O chefe da segurança, depois de prestar declarações, partiu. O Sr. Lins reclamava a sua presença, com urgência. A polícia tomou conta da ocorrência e o jovem, depois de identificado, partiu em liberdade, mas Mónica ficou com o telemóvel dele. A judiciária iria tentar descobrir a origem do email, na tentativa de encontrar o mentor do rapto. O mais provável era ser a mulher mistério, de que o segurança lhe tinha falado. No entanto, tal carecia de ser provado.

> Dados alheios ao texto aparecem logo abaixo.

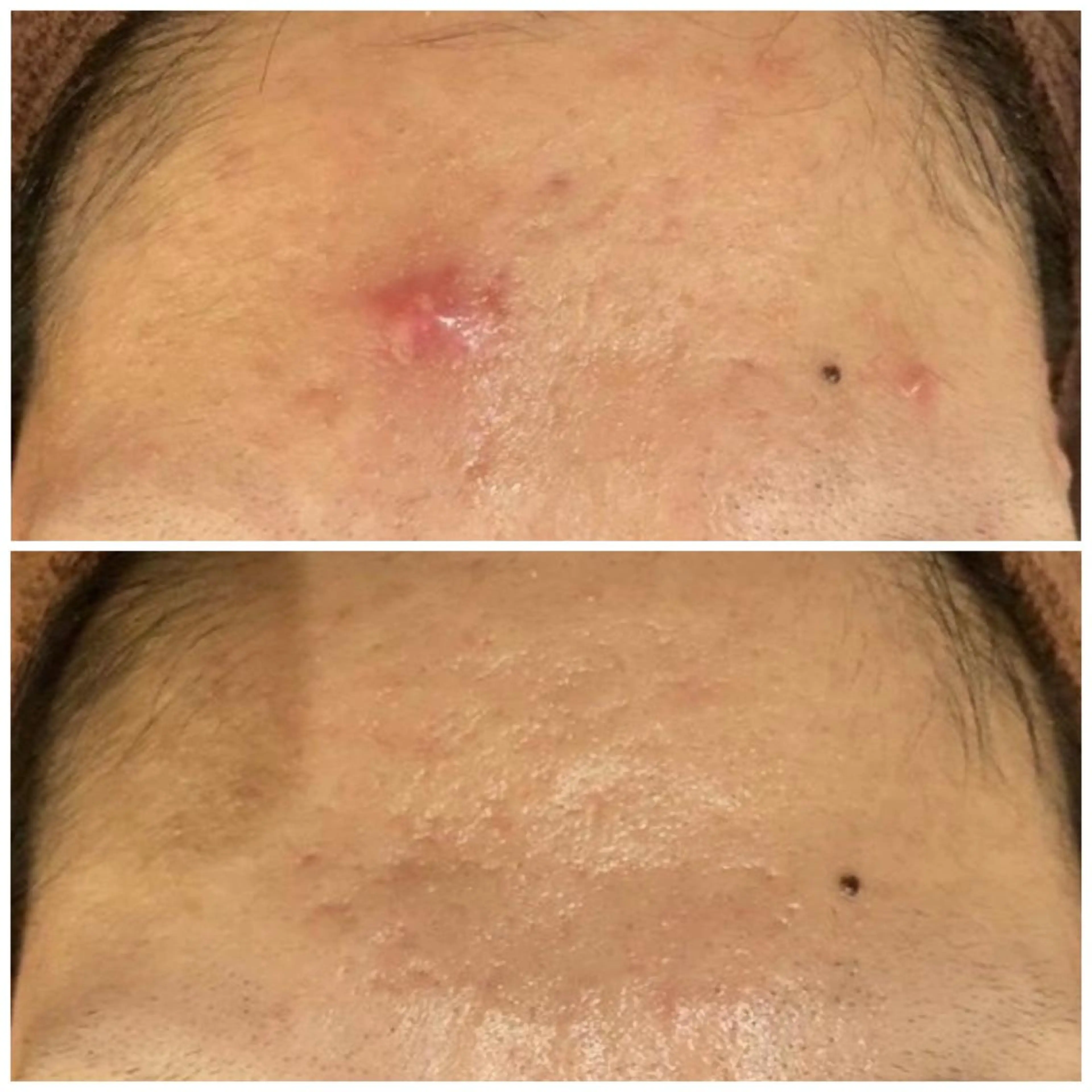 触れたくなる モテ肌へ...❤︎のエステ・リラクイメージ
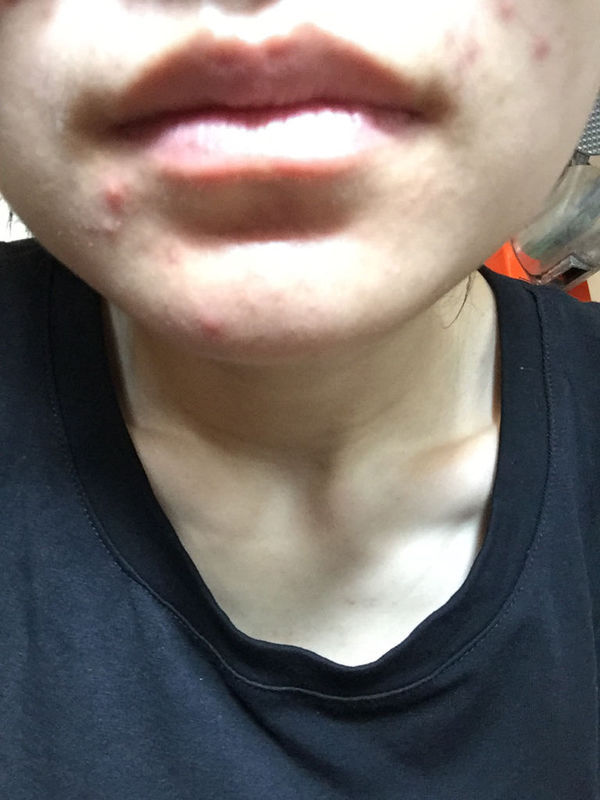 头发洗了像没洗,嘴唇周围长痘痘,大便一直不成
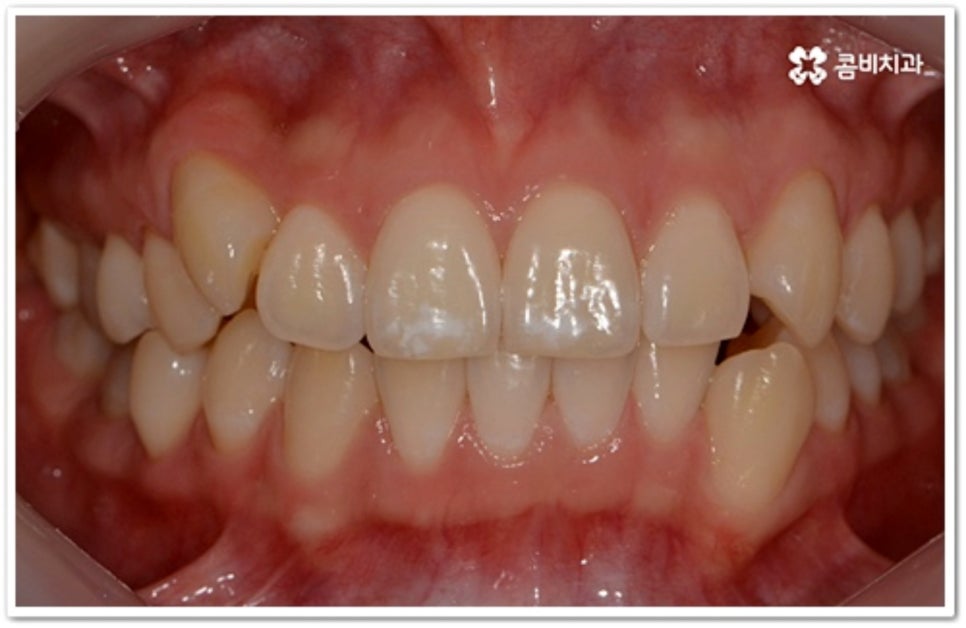 덧니 발치 언제 하나요? 관련 이미지 3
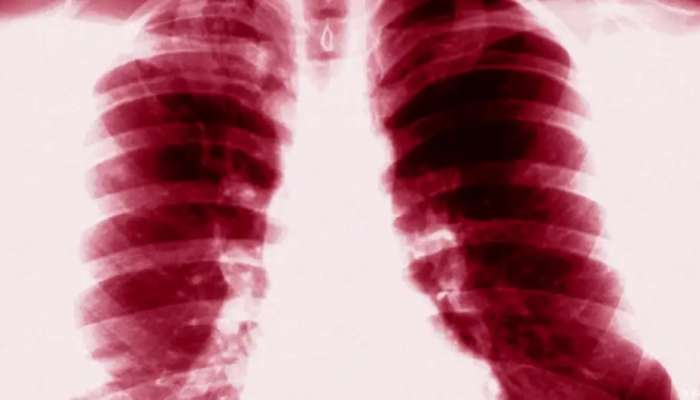 Tuberculosis: First time infections rise to 30-year high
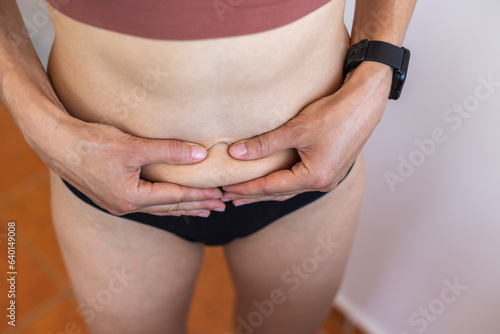 Принти на полотні Female body with stretch marks on the abdomen, stretch marks on the skin after losing weight, postpartum skin changes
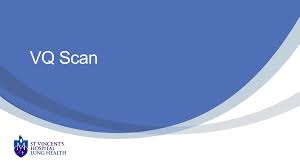 Image result for  v    q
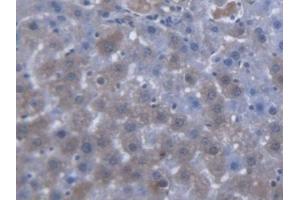 DAB staining on IHC-P; Samples: Rat Liver Tissue (SLC25A20 anticorps  (AA 1-211))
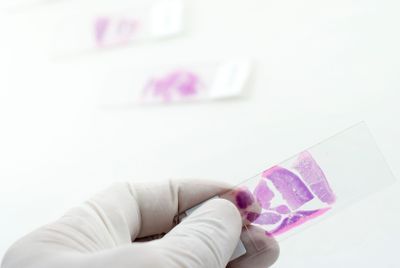 Future Directions for Established Cancer Biomarkers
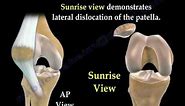 Patellar Dislocations - Everything You Need To Know - Dr. Nabil Ebraheim
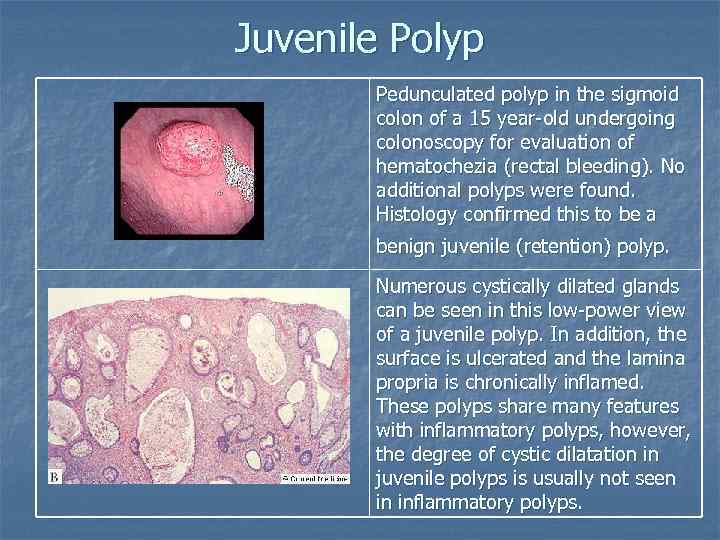 Juvenile Polyp Pedunculated polyp in the sigmoid colon of a 15 year-old undergoing colonoscopy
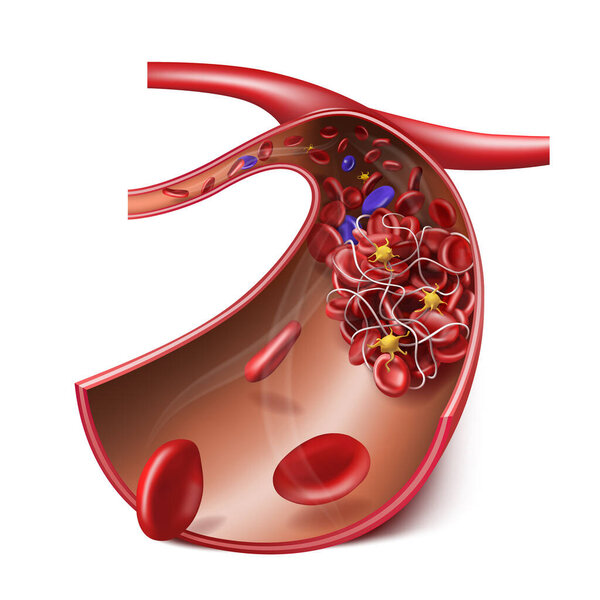 Blood clot and thrombosis. Medical illustration. 3d vector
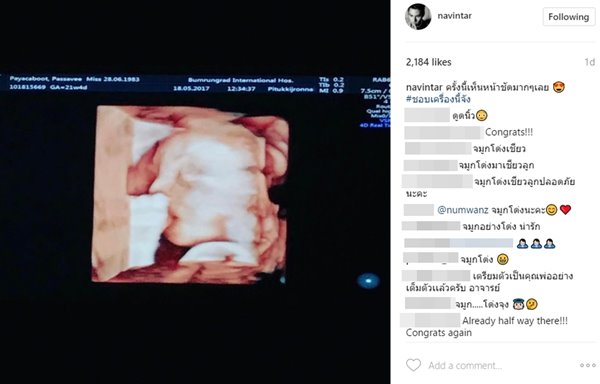 นาวิน ต้าร์ ไฮโซน้ำหวาน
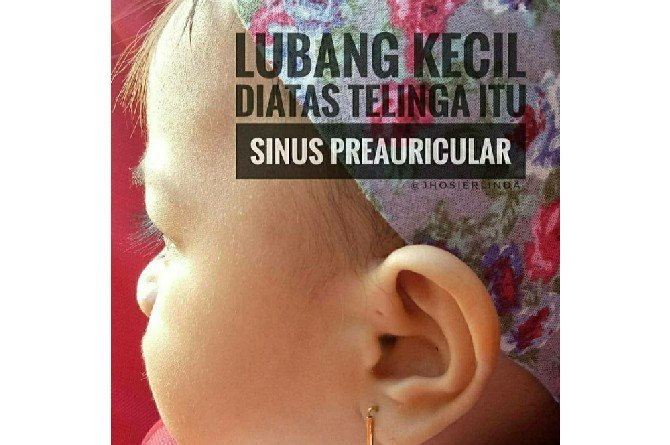 preauricular sinus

Mónica regressou a Lisboa, mas a sua cabeça fervilhava com mil pensamentos. Aquilo que o segurança lhe tinha contado sobre a mulher mistério não a colocava em risco. Assumindo que ela estava por detrás das desventuras do chefe da segurança, tinha que existir algo mais, para a levar a atuar daquela forma. Só existiam duas alternativas: ou o chefe da segurança sabia mais do que dizia, ou a mulher mistério pensava que ele sabia algo mais sobre ela. Era mais um mistério a adensar aquele caso.